This spring’s Earth Man Blues was the best Guided by Voices album since Isolation Drills. A versatile, rollicking faux rock opera as unpredictable and exciting as anything Guided by Voices have produced since re-banding, that record reminded listeners that the group’s current revamped roster is more than just a victory lap. It might be the most potent iteration of Guided by Voices since their inception.
Carefully produced by longtime Pollard collaborator Travis Harrison (described as the sixth member of GBV), It’s Not Them. It Couldn’t Be Them. It Is Them! is a surprising follow-up chock-full of bizarre, unpredictable moves and power-pop rippers that keep listeners guessing along the way. The album begins with “Spanish Coin”, an outlandish track that delivers rolling percussion, mariachi trumpets, frenetic acoustic strumming, and soaring strings arranged by guitarist Doug Gillard. It sounds like Gipsy Kings dropped acid with the Who in some far off desert dreamscape.
The singles are just as catchy as anything Guided by Voices have produced in the past with any lineup. Consider “High in the Rain”, a mid-tempo, melodious track and the album’s second single. “It started at the / Playground / It followed me / To my senses / It was a superficial / Contact / A victory of the / Ego.” Pollard’s lyrics point to the psychogenesis of pure pop, capturing the kaleidoscopic collage behind the frontman’s artistic vision. Although in many cases, stoner fans will want to embrace the lyrics more directly through a marijuana-induced haze.
The next single, “Dance of Gurus”, features a rare channel-surfing music video directed by artist Aaron Dunkel and featuring snapshots of Guided by Voices taken by New-York based photojournalist Michael Nigro. An upbeat rocker with the catchy hook “What’ll I do with / You / You do with me” sung quid pro quo by Pollard and guitarist Bobby Bare Jr. during live performances, the song delivers a welcome singalong with an explosive outro featuring some of the most explosive Gillard riffage one could ask for. The track perfectly fits alongside older staples from the band’s current touring stint, such as “Everyone Thinks I’m a Raincloud (When I’m Not Looking)”, “Chasing Heather Crazy”, and “Game of Pricks”.
Another single from the album is a bouncy power-pop and garage rock throwback titled “My (Limited) Engagement”, featuring strong basslines from Mark Shue and a scintillating Gillard solo. Listening to this song, one imagines awe-struck masses bobbing along to these chords, immersed in the stench of Jose Cuervo and Miller Lite.
The album also has rock songs of a darker ambiance, such as the jarring psychological track “Flying Without a License” and the absurd drama of “Maintenance Man of the Haunted House”, arriving just in time to celebrate Halloween with some avant-garde lyrics and an eerie atmosphere. There’s also the laugh-out-loud antics of the spoken word track “Razor Bug” (who is “goofy from the shots”) and the ludicrousness of “Psycho House”. “Heat up the coffee / Water / Drain the soap / Catch a fly” and “Finger linger / Scratches matches / senseless motion” are some of the lyrics from this standout track exploring the inanity of our everyday domestic experience. While some of these stranger moments on the record might challenge some listeners, this is a good thing for fans who have come to appreciate Pollard’s wackier tendencies.

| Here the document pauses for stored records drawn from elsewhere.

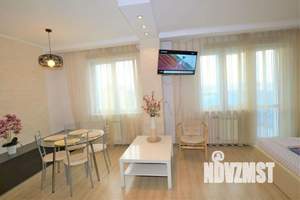 Студия квартира, посуточно, 51м2, 19/20 этаж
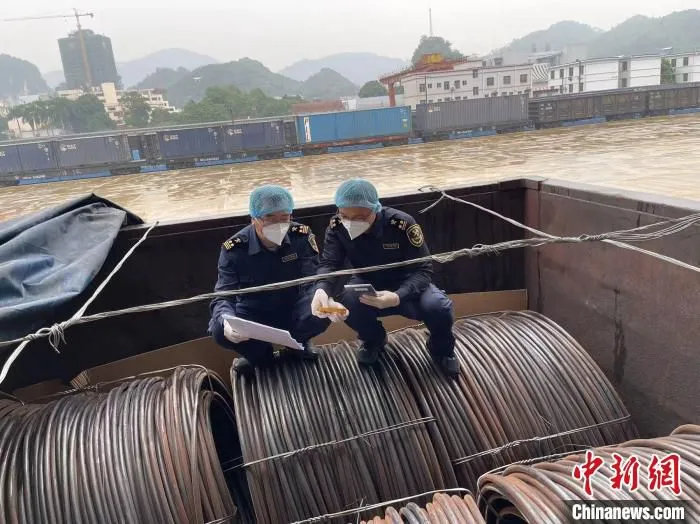 凭祥海关关员对出口钢条进行查验。　赖婧 摄
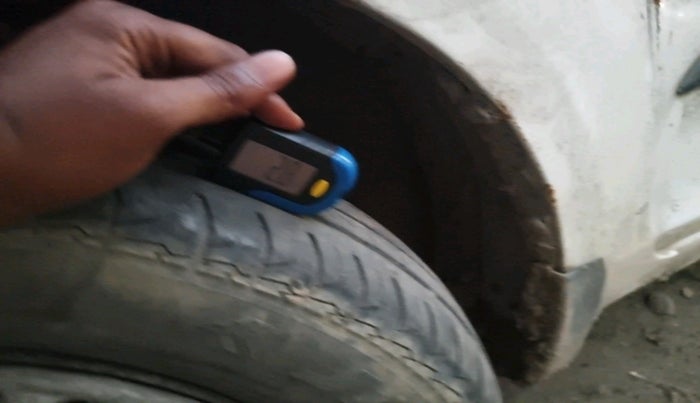 2011 Maruti Swift VDI, Diesel, Manual, 1,60,943 km, tyre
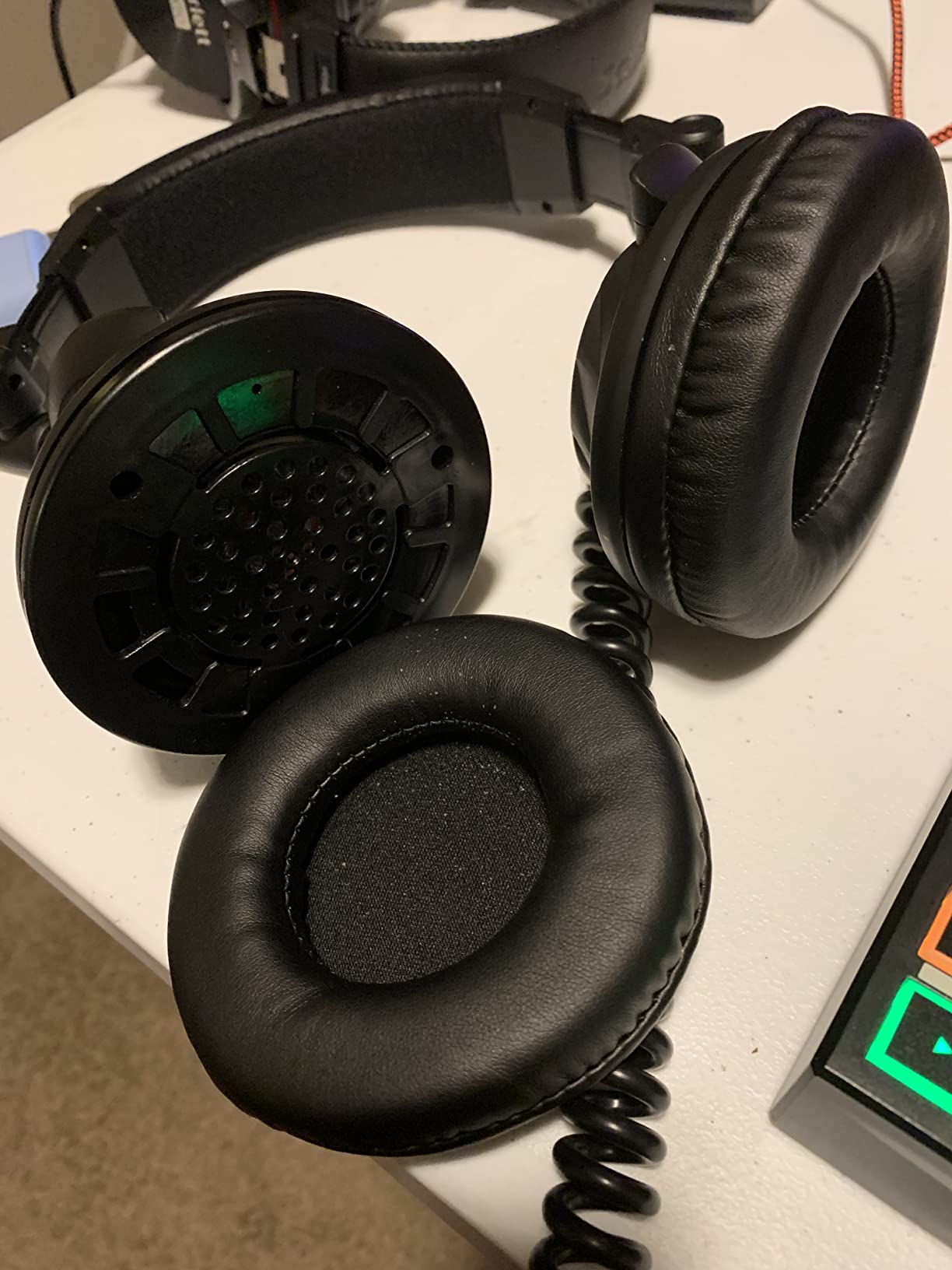 Hercules DJ Learning Kit w/ Inpulse 200 DJ Controller, 15 Watt Monitor Speakers and Sound-Isolating Headphones -2 Decks customer photo 1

There are gorgeous moments along the way, such as the fade-in to the opening riff of “Black and White Eyes in a Prism”, an expansive track with inspired strings and riffs anchored by the rhythm section of drummer Kevin March and bassist Shue. “People Need Holes” is another anthemic track that easily fits into GBV’s live oeuvre, echoing “Hudson Rake” from Space Gun with its playful tonal shifts and odd time signatures before its soaring singalong outro.
Over the past several years, Guided by Voices have been on an absolute tear. With It’s Not Them. It Couldn’t Be Them. It Is Them!, they deliver a stunning, large-hearted collection of power-pop and off-the-wall oddities laced with beautiful strings and horns throughout. It’s an excellent time to be a Guided by Voices fan, indeed. The club is still open.